I'm standing at a window in an old stone and tile roof house looking out over a canal and farmland. It once was home to a lock keeper, who opened and closed heavy metal gates, lowering and raising the water level for boats to pass through on the Charente River. It's not my house. My wife, Paulita, and I are house-sitting for a British couple on holiday. One month ago we landed in Paris, not for a vacation, but to begin a life as ex-pats in France. 

We traveled often to France, where Paulita spent the summer before grad school as an au pair. Every few years we visited the family and she mentioned how nice it would be to move to France. I would nod and not give it serious thought. That changed two years ago when I turned 60. I loved my job as a reporter at The Columbus Dispatch and my colleagues. But I had vowed not to wait until 65 to enjoy the rest of my life. Neither my father nor his brothers saw 80 years old. I would retire on Dec. 22, 2017, the day before I turned 62 and became eligible for my company pension.

My desk at The Columbus Dispatch, where I spent
 the last 19 years of a 40-year journalism career.
I had thought retirement would involve a condo in the Columbus area and world travels. That was one option we discussed. We would be close to our three adult children, able to help them in person instead of consoling or counseling them over Skype or FaceTime. We also would be close to Grandview Heights, the small city where we lived just outside downtown Columbus. We loved walking the half mile to Grandview's main street full of restaurant, shops and the Grandview Grind where Paulita wrote several novels. Our children had attended the city school district where the total enrollment hovers around 1,000 students. France would put us 10 hours and 4,000 miles away from all of that. But if  we could leave with our children, now in their 20s, fairly secure in jobs and apartments, we'd take a shot at adventure.

Clockwise from me at the top: Tucker, Paulita, Spencer and Grace.
"So you're abandoning us," the youngest, Tucker said. With his dry wit it's sometimes difficult to tell whether he's joking. I assumed he wasn't. In a sense, he was correct. But our leaving might help them become more self-sufficient, we told ourselves. And we expected all of them to visit us in France. Tucker came around and said he would make a long visit this spring or summer. Grace, our oldest, loved our plan. A europhile herself, she has dreams of graduate school in Scotland. Our older son, Spencer, said it was cool that we were chasing our dream.

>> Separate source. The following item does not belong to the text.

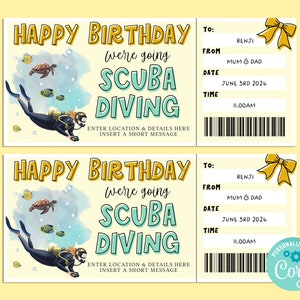 Bon anniversaire PLONGÉE, carte-cadeau d'anniversaire, chèque-cadeau, bon surprise, corjl instantané, sous-marin, aquarium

The housing market in Grandview was ridiculously hot last spring, but we didn't jump in until August. After one failed offer we closed on a second full price offer on Dec. 8. We had two days to remove the last items from the house. We pulled away at 11:45 a.m., 15 minutes before the new owners took possession. A healthy profit from the home sale means we won't need a mortgage in France, With that, and my 401(k) and pension converted into investments and Paulita continuing to teach her college English classes online, our bankers declared our France dream possible. A European health insurance policy would cost us less than $1,000 total.

Trying to look French.
After Christmas in Florida with the kids and Paulita's parents, we left Paris on Jan. 3, landing the next day. The first three days were spent on  a second honeymoon in Paris. I never tire of visiting that beautiful city. There's always something new o explore.

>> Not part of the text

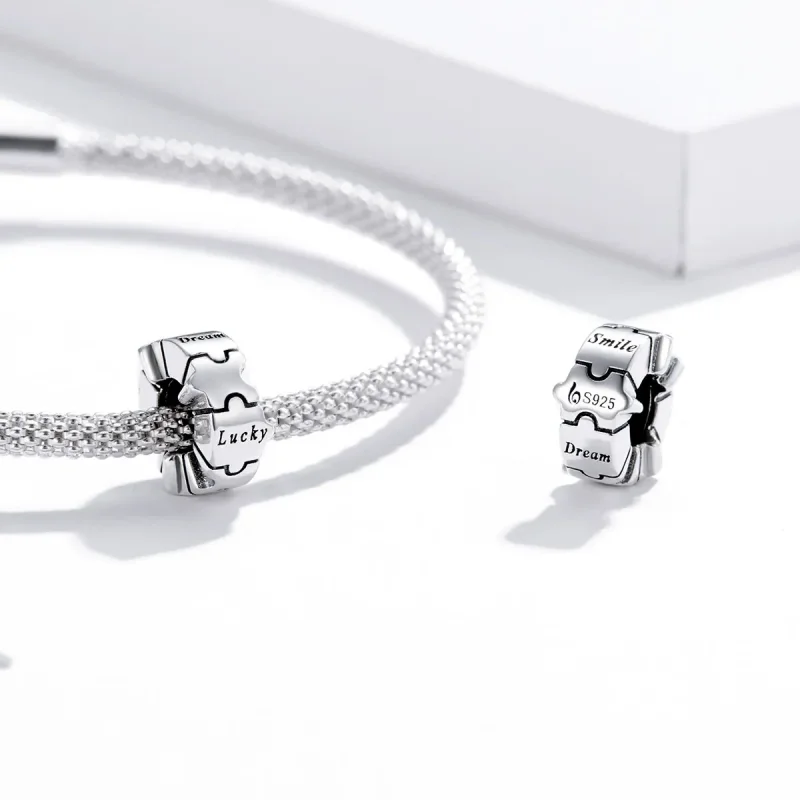 (image for) Pandora Style Silver Simple Puzzle Clip - BSC377 - View 4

After Paris, we began the first of three house-sitting jobs for Brits who have re-invaded western France with their strong pound sterling. They were looking for people to care for their homes and, more importantly, their pets while they went on holiday.
Paulita with Toby, one of our charges.
With the house-sitting jobs and times spent at friend's homes we'll have paid for only two weeks at an Airbnb by mid-March, when we begin house-hunting in earnest. We've decided to rent for a year. That way we we'll have time to thoroughly vet properties and also give the dollar time to hopefully strengthen against the euro. And if we decide the expat life isn't for us, it will be easier to return home.

So stop back and see how we do for at least the next year. You'll read about house sits, French traffic, dining and social quirks (compared to our American quirks), the difference between bollocks and bullshit and my efforts to adapt to French culture and language.